Leilani crouched behind a rock and then popped up, pointing her finger at one of the boys.
“BANG!” she shouted, and the little boy crumpled to the grass, clutching his heart. She crouched again behind the rock and seeing Andy watching from the window, waved and smiled a wide-open smile.
Andy closed the blinds and sat down on the couch. The muted TV was already on, tuned to national news. He was about to change the channel when he saw the Marysville barn on the screen. The young men and women in their blue robes stood in the field holding hands in a circle. Next they showed a body on a stretcher covered by a white sheet.
He turned up the volume.
“We do not have a definite identity of the young man yet,” the sheriff said. “All we know is that he’s a member of the organization that has been living in the barn the past few weeks, and that we believe he fell from the hayloft.”

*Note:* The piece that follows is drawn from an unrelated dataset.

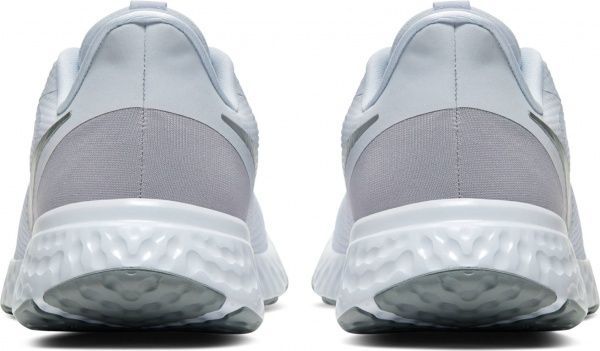 Кроссовки Nike WMNS NIKE REVOLUTION 5 BQ3207-100 р.US 6 белый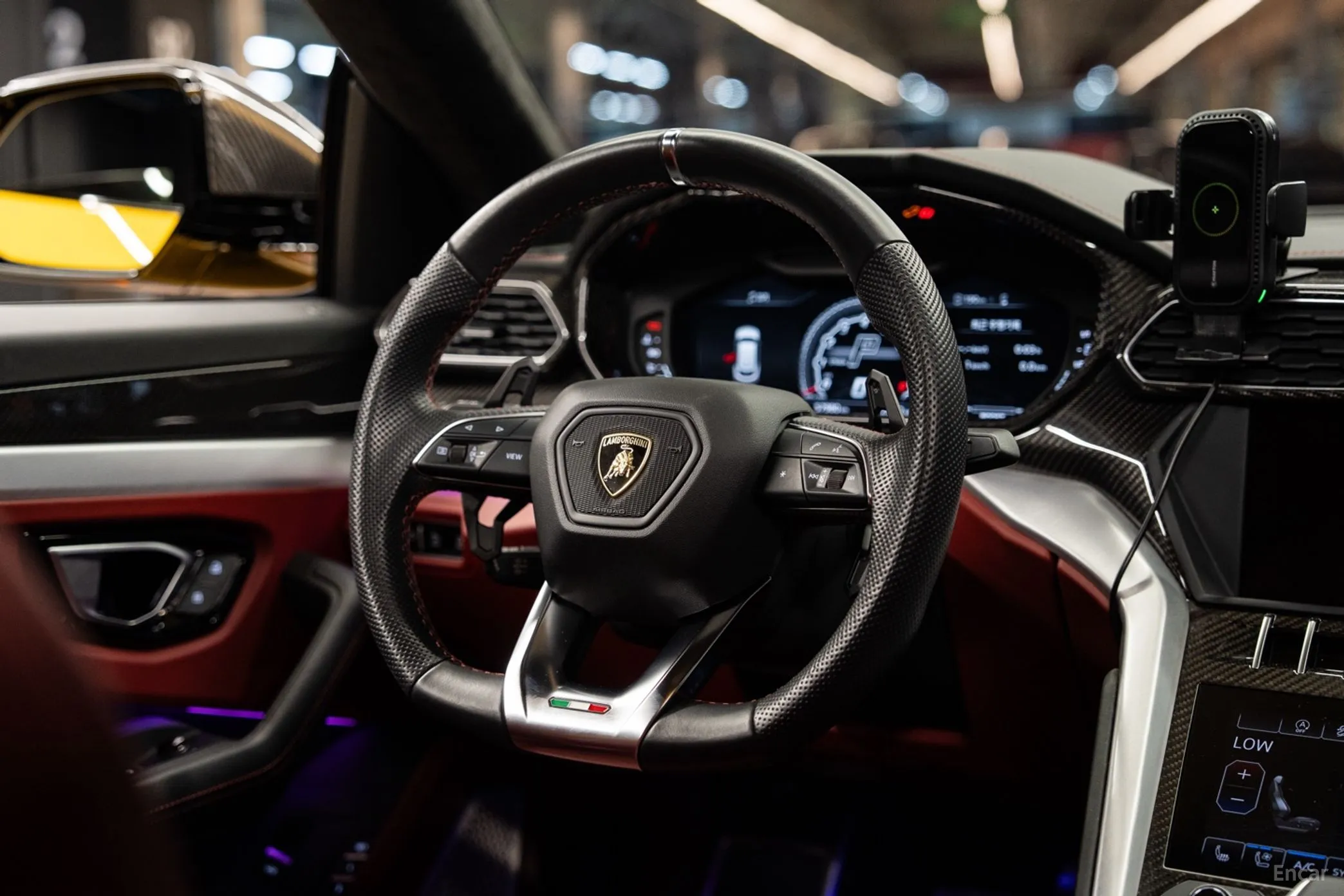 Lamborghini Urus превью 8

“Oh, thank God,” Andy said.
The young woman’s face appeared on the screen. Her eyes were red from crying, and she wiped at her cheek with the heel of her hand.
“He was up there,” she said. “He looked so beautiful. Even as he fell, it looked like he was flying through the air.”
Andy’s TV went dead. He hit the power button on the remote to turn it back on, but the glass remained gray and inert. Rising from the couch, Andy stepped toward the TV and crouched before the screen, as if he might be able to do something, as if he might be able to dive into it and chase the signal, follow it down, down, down, wherever it might lead.